Dire e Contraddire: Torino in finale a Roma
Gli Oratorinesi, squadra interscolastica formata dai licei Cavour, Gioberti e Umberto I, accede alla finale della competizione nazionale Dire e Contraddire promosso dal Consiglio nazionale forense. Il gruppo è coordinato dalle professoresse Silvia Uggetti (Cavour), Annamaria Anzillotti, (Umberto I), Alessandra Saccon e dal professor Vincenzo Sorella, con il prezioso sostegno degli avvocati Daniela Rossi, Antonio Vallone e Salvatore Crimi, espressione del Consiglio dell’Ordine di Torino.
Nel primo match, svoltosi il 18/3, gli oratori Federico De Vincentis (4A, Gioberti), Emma Bersotti, Matteo Gonzi Cortese, Federico Damiano e Samuele Tinti - appartenenti al liceo Cavour - , hanno sfidato e sconfitto le squadre espressione dell’Ordine degli avvocati di Novara e Vercelli sul tema Se si vuole che la democrazia prima si faccia e poi si mantenga e si perfezioni, si può dire che la scuola a lungo andare è più importante del Parlamento e della magistratura e della Corte costituzionale, frase di Pietro Calamandrei.
Il secondo match, disputatosi il 11/4 a Venezia, ha visto Torino sconfiggere rispettivamente le formazioni di Milano e Venezia sulla seguente mozione: Un processo assomiglia a un dramma in quanto che dal principio alla fine si occupa del protagonista non della vittima (Hannah Arendt).

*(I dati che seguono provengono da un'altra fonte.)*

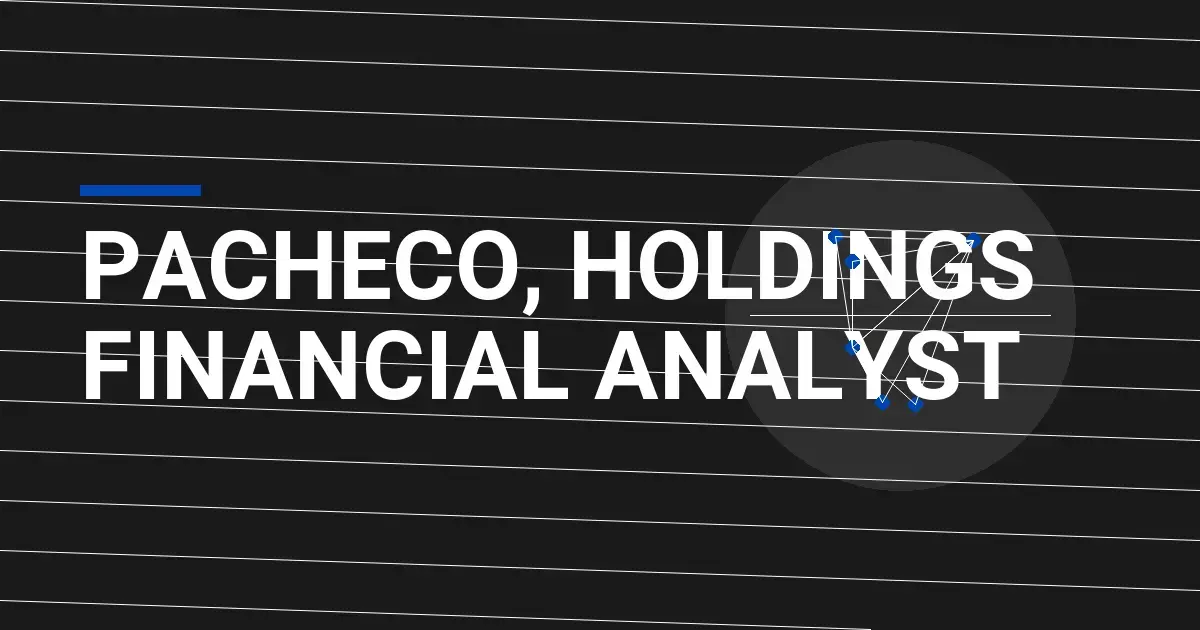 Pacheco, Holdings Financial Analyst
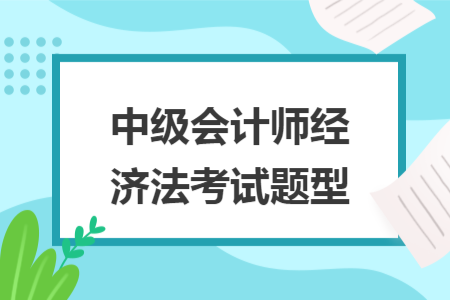 中级会计师经济法考试题型 中级会计师经济法考试题型
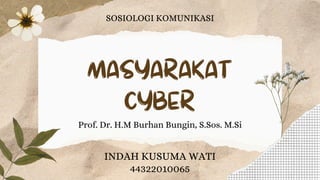 MASYARAKAT
CYBER
SOSIOLOGI KOMUNIKASI
INDAH KUSUMA WATI
44322010065
Prof. Dr. H.M Burhan Bungin, S.Sos. M.Si
 
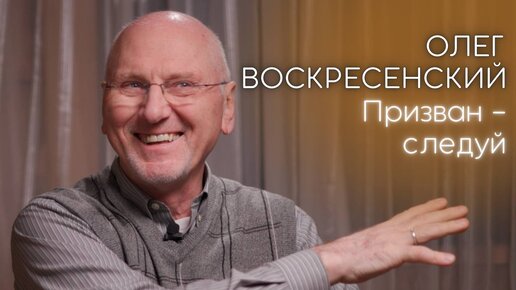 Призван? Следуй. Олег Воскресенский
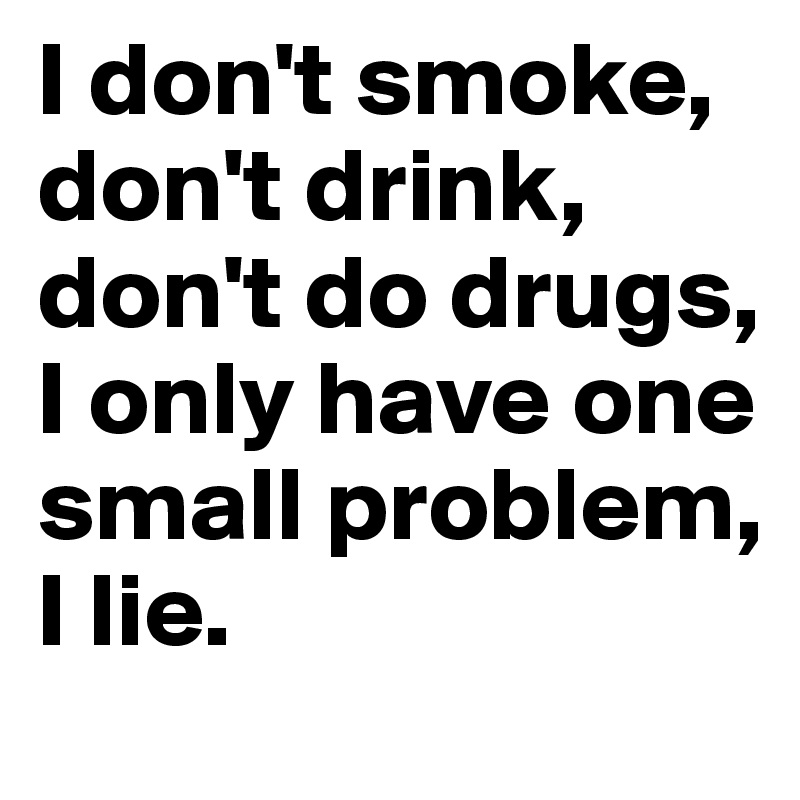 I don't smoke, don't drink, don't do drugs, I only have one small problem, 
I lie.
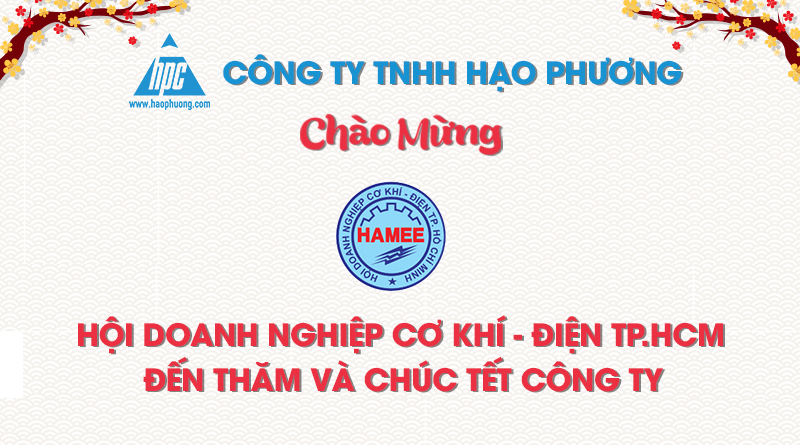 Hội doanh ngiệp cơ khí điện TP.HCM – HAMEE đến thăm và chúc tết công ty Hạo Phương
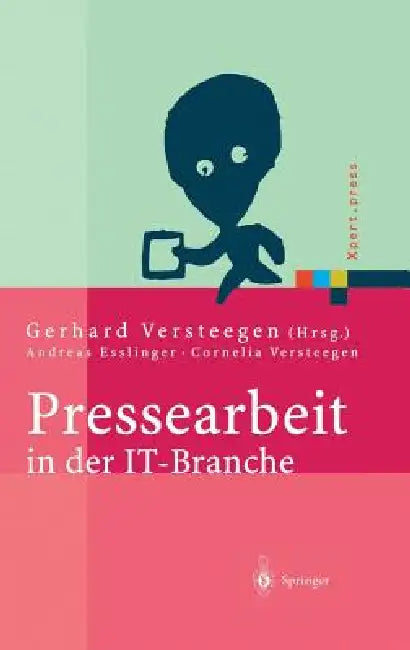 Pressearbeit in Der It-Branche: Erfolgreiches Vermarkten Von Dienstleistungen Und Produkten in Der It-Presse by Gerhard Versteegen, A. Esslinger, C. Versteegen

In questo caso oltre ai cinque precedenti dibattenti si è anche aggiunta Camilla Bravo (Umberto I) assente per motivi personali il primo incontro.
La finale della competizione è prevista a Roma il 21/5 a cui parteciperanno oltre Torino, Pescara e Palermo. Si discuterà di etica e intelligenza artificiale: Più dell’intelligenza artificiale ho paura della stupidità naturale, perché, se un giorno una macchina facesse una determinata cosa, sarebbe stata la mente umana a fargliela fare. La macchina non vuole niente perché non è un soggetto. La frase è del padre Paolo Benanti, teologo e professore universitario, nonché presidente della Commissione intelligenza artificiale sull’informazione.
Meritano, infine, una sottolineatura la capacità e la disponibilità degli studenti a impegnarsi in un formato di dibattito molto distante da quelli praticati; così come il piacere di poter collaborare con colleghi e colleghe di diverse scuole, superando - almeno in parte - quell’autoreferenzialità scolastica culturalmente improduttiva.